Exercise prompt: Scan the records below for the line containing "BĐBP tỉnh Sóc" and the line containing "Kangaroo Point Apartment". Copy both, plus every line between, exactly.

[Short text fragments from websites]
______________________________
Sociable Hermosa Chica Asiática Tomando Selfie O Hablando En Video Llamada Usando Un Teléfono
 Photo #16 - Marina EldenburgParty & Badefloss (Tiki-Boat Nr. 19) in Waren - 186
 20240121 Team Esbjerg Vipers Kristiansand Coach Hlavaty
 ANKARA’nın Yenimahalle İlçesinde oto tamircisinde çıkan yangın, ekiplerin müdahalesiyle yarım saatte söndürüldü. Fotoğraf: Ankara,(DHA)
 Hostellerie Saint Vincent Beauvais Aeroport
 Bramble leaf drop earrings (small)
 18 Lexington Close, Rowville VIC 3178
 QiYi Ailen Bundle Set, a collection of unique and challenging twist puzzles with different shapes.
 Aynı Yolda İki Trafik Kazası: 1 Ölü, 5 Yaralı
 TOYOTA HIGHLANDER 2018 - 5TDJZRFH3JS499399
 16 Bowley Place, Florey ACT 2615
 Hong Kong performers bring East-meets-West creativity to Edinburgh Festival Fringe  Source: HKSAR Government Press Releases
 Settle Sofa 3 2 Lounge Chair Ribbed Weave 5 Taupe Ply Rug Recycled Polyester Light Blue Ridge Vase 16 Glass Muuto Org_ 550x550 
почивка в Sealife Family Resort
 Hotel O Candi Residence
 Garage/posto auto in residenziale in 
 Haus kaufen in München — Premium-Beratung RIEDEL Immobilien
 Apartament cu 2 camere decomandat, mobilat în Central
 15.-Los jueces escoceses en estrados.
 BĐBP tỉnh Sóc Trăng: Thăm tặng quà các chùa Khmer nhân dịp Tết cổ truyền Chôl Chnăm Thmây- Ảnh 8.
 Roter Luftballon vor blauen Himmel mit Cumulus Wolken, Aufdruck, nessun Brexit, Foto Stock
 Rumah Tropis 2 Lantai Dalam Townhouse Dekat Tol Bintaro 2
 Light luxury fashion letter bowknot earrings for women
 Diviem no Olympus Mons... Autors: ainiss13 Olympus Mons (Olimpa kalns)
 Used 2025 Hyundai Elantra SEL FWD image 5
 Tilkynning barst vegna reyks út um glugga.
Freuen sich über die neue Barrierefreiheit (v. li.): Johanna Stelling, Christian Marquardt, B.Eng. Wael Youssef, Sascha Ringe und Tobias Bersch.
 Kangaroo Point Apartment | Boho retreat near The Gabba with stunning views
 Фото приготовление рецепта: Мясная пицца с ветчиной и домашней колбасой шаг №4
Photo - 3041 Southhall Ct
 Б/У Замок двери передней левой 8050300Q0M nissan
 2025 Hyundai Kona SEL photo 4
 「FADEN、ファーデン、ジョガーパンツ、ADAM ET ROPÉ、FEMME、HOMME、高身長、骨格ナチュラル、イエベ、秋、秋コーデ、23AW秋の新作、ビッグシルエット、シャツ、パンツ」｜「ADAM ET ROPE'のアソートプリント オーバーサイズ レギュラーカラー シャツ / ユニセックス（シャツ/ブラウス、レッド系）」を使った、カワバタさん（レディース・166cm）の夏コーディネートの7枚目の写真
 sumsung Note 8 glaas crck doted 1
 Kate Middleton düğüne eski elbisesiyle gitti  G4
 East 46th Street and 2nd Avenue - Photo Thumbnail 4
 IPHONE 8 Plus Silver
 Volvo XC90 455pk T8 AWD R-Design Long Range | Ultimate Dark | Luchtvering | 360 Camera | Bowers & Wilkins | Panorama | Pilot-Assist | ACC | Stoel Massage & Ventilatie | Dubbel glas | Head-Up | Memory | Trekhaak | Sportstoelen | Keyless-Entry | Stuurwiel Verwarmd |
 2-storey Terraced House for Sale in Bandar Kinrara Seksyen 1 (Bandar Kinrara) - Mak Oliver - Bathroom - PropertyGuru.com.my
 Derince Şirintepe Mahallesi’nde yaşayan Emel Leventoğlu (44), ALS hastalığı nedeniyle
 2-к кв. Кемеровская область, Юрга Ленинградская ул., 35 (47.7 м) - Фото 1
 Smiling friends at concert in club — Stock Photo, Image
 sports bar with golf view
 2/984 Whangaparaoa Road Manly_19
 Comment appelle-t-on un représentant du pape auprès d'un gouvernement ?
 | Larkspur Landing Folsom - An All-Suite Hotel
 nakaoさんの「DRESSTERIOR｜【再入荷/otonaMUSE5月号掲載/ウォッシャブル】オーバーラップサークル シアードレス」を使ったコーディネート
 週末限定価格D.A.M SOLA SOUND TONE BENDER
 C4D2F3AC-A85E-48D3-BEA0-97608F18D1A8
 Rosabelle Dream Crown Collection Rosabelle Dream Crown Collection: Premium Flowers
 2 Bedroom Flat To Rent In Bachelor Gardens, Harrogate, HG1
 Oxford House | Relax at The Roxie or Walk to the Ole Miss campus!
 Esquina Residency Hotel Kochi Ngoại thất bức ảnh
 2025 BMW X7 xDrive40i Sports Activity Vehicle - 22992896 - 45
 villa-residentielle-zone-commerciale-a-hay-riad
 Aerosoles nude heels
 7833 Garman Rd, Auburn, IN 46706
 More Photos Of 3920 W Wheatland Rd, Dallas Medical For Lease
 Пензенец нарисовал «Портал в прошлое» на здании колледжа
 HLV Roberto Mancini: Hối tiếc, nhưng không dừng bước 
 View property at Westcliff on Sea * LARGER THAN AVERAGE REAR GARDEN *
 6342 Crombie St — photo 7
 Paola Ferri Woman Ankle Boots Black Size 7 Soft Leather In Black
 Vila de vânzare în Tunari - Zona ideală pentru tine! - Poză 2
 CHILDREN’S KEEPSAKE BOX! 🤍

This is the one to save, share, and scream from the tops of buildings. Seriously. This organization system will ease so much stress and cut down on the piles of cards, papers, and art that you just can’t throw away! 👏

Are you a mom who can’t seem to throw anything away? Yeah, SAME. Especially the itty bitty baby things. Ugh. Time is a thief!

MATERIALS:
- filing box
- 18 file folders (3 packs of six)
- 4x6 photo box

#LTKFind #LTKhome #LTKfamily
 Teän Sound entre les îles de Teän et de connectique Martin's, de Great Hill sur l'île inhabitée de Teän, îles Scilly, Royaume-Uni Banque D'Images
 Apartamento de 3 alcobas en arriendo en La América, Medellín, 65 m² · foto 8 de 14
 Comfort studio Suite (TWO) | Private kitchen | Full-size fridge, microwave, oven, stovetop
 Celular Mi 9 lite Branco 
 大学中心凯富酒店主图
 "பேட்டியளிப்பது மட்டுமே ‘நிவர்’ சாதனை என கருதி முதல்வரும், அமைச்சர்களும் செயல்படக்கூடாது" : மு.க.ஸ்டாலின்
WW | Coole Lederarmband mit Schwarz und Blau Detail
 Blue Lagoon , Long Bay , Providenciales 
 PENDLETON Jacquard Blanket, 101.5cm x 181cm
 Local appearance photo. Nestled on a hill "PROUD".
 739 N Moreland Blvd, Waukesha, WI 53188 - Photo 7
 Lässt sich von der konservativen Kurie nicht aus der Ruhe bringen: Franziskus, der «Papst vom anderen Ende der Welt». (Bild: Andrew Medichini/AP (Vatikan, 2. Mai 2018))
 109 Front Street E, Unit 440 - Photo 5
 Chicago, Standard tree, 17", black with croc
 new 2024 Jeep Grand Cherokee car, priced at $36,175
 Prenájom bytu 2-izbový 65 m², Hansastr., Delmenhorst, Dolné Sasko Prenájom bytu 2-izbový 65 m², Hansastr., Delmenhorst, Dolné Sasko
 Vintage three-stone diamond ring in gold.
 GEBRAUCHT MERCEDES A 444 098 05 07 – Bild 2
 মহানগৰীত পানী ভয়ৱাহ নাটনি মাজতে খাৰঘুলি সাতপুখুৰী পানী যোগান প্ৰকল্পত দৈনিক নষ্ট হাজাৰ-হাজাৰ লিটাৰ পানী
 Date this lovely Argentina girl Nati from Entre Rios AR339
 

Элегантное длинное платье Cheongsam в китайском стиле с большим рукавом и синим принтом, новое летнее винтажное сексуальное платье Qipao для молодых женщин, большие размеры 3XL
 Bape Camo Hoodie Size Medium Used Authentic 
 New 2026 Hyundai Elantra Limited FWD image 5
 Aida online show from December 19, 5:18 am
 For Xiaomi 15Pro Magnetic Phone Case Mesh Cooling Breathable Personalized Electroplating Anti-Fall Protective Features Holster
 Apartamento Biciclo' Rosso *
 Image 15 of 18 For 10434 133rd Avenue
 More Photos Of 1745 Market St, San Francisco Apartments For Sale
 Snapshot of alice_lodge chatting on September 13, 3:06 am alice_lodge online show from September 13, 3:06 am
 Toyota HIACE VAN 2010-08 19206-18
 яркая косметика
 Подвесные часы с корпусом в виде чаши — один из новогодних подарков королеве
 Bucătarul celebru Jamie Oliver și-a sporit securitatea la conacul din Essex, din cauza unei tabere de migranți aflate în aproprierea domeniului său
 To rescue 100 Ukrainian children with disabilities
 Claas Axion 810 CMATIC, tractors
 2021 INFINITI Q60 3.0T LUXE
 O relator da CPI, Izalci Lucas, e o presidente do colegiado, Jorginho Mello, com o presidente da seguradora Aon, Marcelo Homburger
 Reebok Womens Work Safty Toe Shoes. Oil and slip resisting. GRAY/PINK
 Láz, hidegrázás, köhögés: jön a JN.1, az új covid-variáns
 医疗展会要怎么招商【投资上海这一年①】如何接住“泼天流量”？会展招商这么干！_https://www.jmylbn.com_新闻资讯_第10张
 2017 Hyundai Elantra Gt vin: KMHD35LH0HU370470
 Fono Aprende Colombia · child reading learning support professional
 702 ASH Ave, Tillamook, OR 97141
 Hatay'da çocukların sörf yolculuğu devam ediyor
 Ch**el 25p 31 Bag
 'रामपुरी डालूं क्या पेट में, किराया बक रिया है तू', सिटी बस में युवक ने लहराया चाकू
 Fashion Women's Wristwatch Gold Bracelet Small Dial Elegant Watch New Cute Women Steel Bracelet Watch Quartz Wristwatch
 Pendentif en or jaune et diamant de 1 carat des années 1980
______________________________
Task solution:
 BĐBP tỉnh Sóc Trăng: Thăm tặng quà các chùa Khmer nhân dịp Tết cổ truyền Chôl Chnăm Thmây- Ảnh 8.
 Roter Luftballon vor blauen Himmel mit Cumulus Wolken, Aufdruck, nessun Brexit, Foto Stock
 Rumah Tropis 2 Lantai Dalam Townhouse Dekat Tol Bintaro 2
 Light luxury fashion letter bowknot earrings for women
 Diviem no Olympus Mons... Autors: ainiss13 Olympus Mons (Olimpa kalns)
 Used 2025 Hyundai Elantra SEL FWD image 5
 Tilkynning barst vegna reyks út um glugga.
Freuen sich über die neue Barrierefreiheit (v. li.): Johanna Stelling, Christian Marquardt, B.Eng. Wael Youssef, Sascha Ringe und Tobias Bersch.
 Kangaroo Point Apartment | Boho retreat near The Gabba with stunning views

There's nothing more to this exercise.